- [Given records]

※ ※ ※

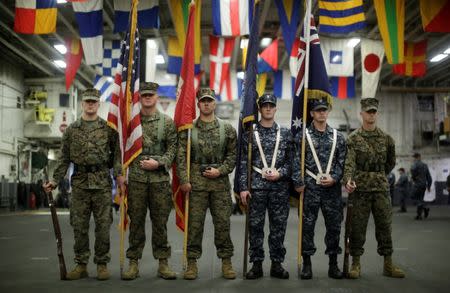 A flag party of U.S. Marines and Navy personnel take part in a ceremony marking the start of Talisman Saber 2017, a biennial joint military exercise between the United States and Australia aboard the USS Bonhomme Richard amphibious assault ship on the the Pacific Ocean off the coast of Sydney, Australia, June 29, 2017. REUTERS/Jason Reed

※ ※ ※

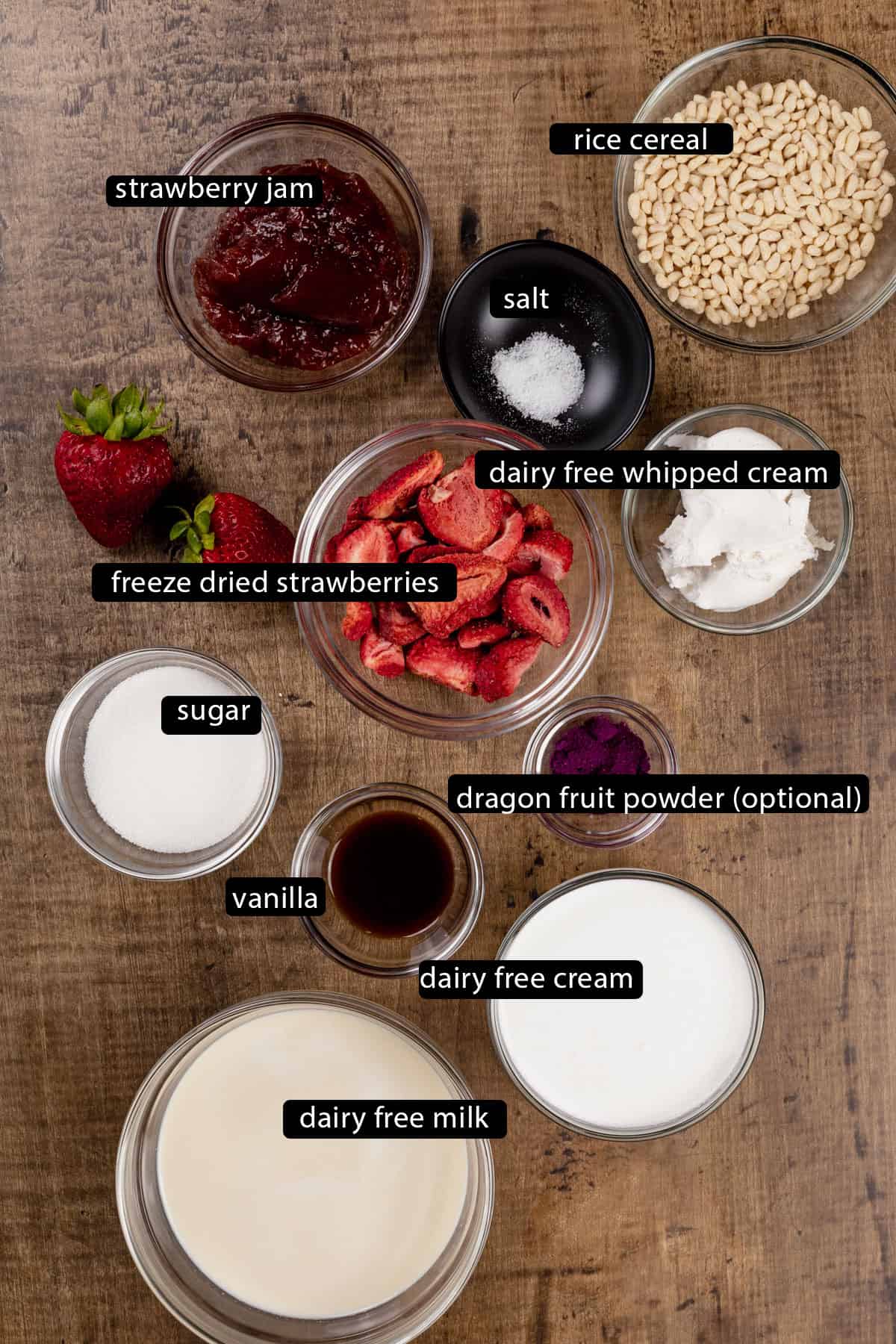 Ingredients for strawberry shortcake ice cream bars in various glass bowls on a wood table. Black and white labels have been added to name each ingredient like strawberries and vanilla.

※ ※ ※

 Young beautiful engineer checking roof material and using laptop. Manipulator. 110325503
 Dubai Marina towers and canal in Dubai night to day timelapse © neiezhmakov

※ ※ ※

- [Exercise brief]
Once the line with "Young beautiful engineer" is found in the records above, print exactly that line and every line after it through the line with "Dubai Marina towers".

- [Reply]
 Young beautiful engineer checking roof material and using laptop. Manipulator. 110325503
 Dubai Marina towers and canal in Dubai night to day timelapse © neiezhmakov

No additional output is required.